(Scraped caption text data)
--------------------

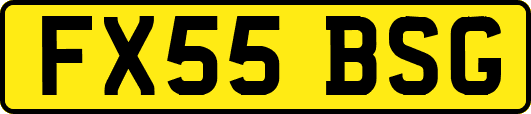 FX55BSG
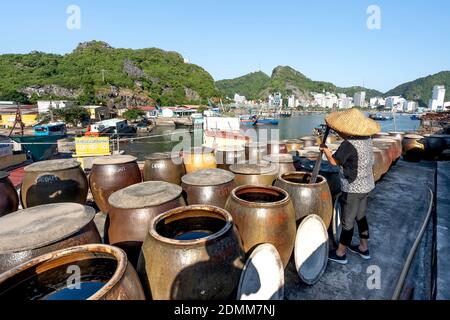 Isola di Cat Ba, Provincia di Quang Ninh, Vietnam - 13 novembre 2020: Grandi impianti di produzione salsa di pesce in Vietnam. Pescatori, Cat Ba Bay, professione di Foto Stock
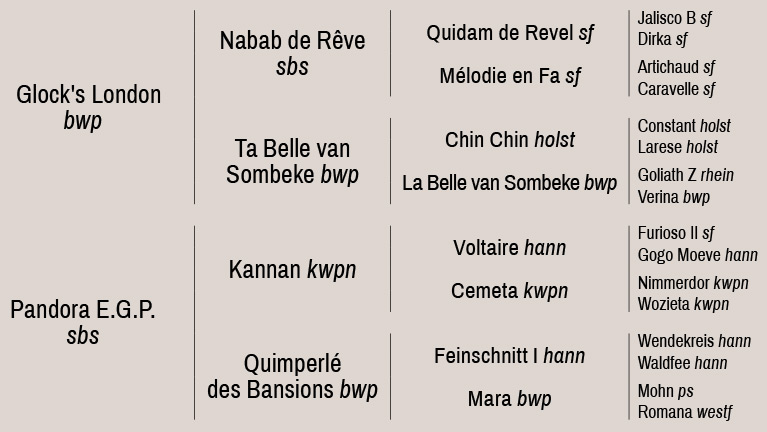 Arbre généalogique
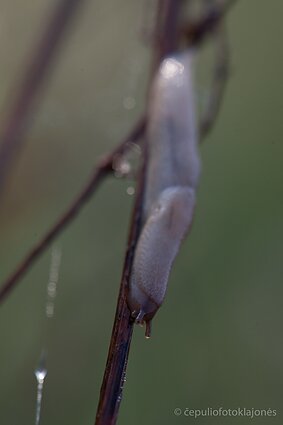 Ryte daug visokių šliužų galima sutikti ant augalų ir grybų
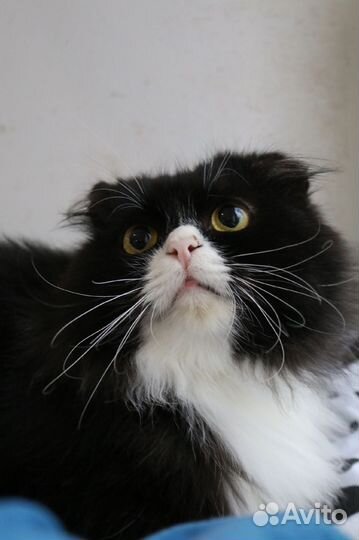 Кошка в дар бесплатно
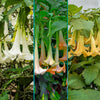Multicolor Angel Trumpet Tree
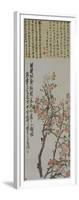 Apricot Blossoms-Wu Changshuo-Framed Giclee Print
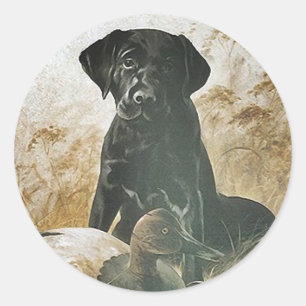 Redonda PEGATINA Black Lab labrador retriever decoy dog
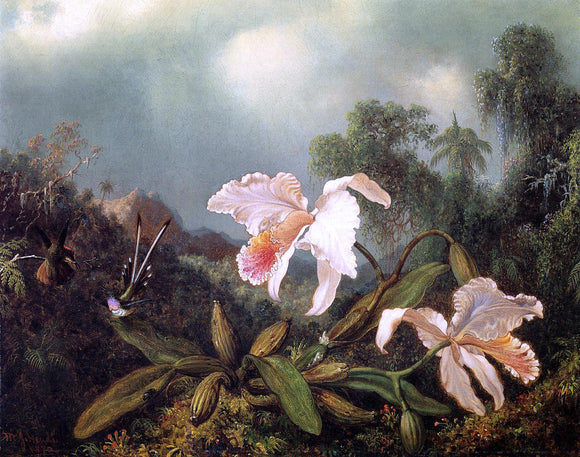  Martin Johnson Heade Jungle Orchids and Hummingbirds - Canvas Art Print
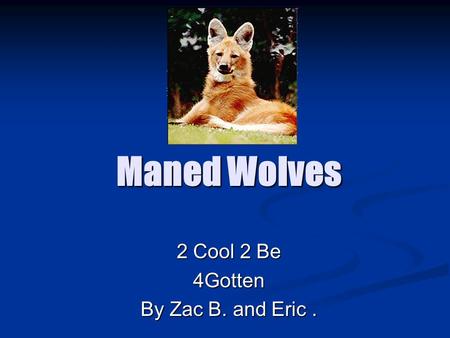 Maned Wolves 2 Cool 2 Be 4Gotten By Zac B. and Eric.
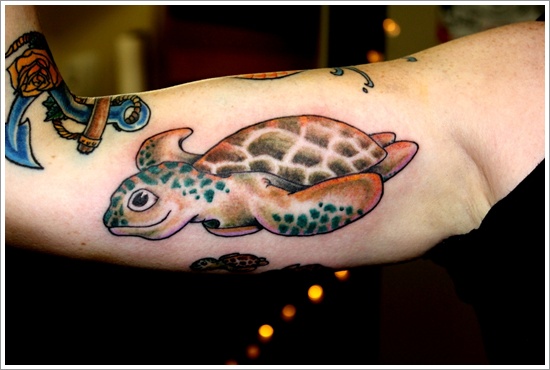 Turtle design, idea 34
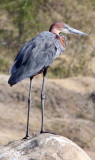 BIRD - HERON - GOLIATH HERON - QUEEN ELIZABETH NP UGANDA (3).JPG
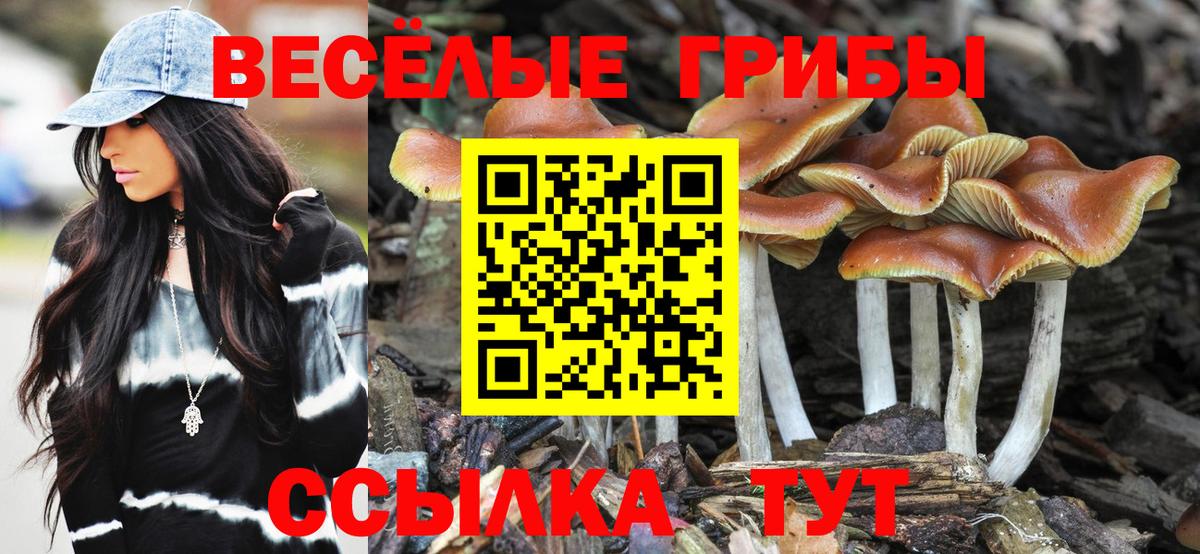 Псилоцибиновые грибы MAGIC MUSHROOMS  Вход с VPN  Галлюциногенные грибы Psilocybe  Каспийск 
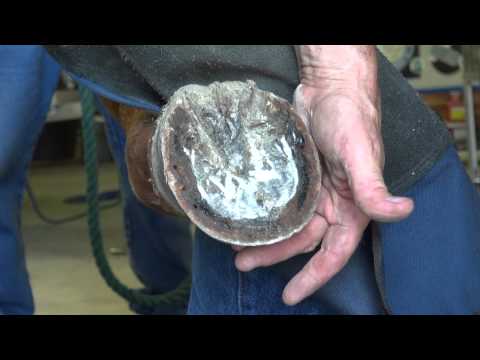 Видео: Серия FootPro Info — Оценка отклонений конечностей и расчистка копыт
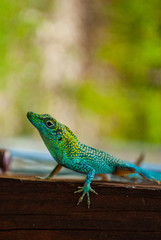 A colorful little lizard is exploring a fence in a tropical environment. The exotic creature is at home in the climate of the Cayman Islands in the Caribbean
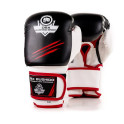 Boxerské rukavice DBX BUSHIDO DBD-B-2 v3 8 oz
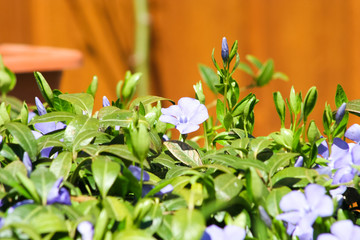Vinca minor L. - lesser periwinkle, dwarf periwinkle, small periwinkle,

--------------------

■ What is needed
Each entry is to be written out again word for word, and any pictures are to be omitted.

■ Completed exercise
 FX55BSG
 Isola di Cat Ba, Provincia di Quang Ninh, Vietnam - 13 novembre 2020: Grandi impianti di produzione salsa di pesce in Vietnam. Pescatori, Cat Ba Bay, professione di Foto Stock
 Arbre généalogique
 Ryte daug visokių šliužų galima sutikti ant augalų ir grybų
 Кошка в дар бесплатно
Multicolor Angel Trumpet Tree
 Apricot Blossoms-Wu Changshuo-Framed Giclee Print
 Redonda PEGATINA Black Lab labrador retriever decoy dog
  Martin Johnson Heade Jungle Orchids and Hummingbirds - Canvas Art Print
 Maned Wolves 2 Cool 2 Be 4Gotten By Zac B. and Eric.
 Turtle design, idea 34
 BIRD - HERON - GOLIATH HERON - QUEEN ELIZABETH NP UGANDA (3).JPG
 Псилоцибиновые грибы MAGIC MUSHROOMS  Вход с VPN  Галлюциногенные грибы Psilocybe  Каспийск 
 Видео: Серия FootPro Info — Оценка отклонений конечностей и расчистка копыт
 A colorful little lizard is exploring a fence in a tropical environment. The exotic creature is at home in the climate of the Cayman Islands in the Caribbean
 Boxerské rukavice DBX BUSHIDO DBD-B-2 v3 8 oz
Vinca minor L. - lesser periwinkle, dwarf periwinkle, small periwinkle,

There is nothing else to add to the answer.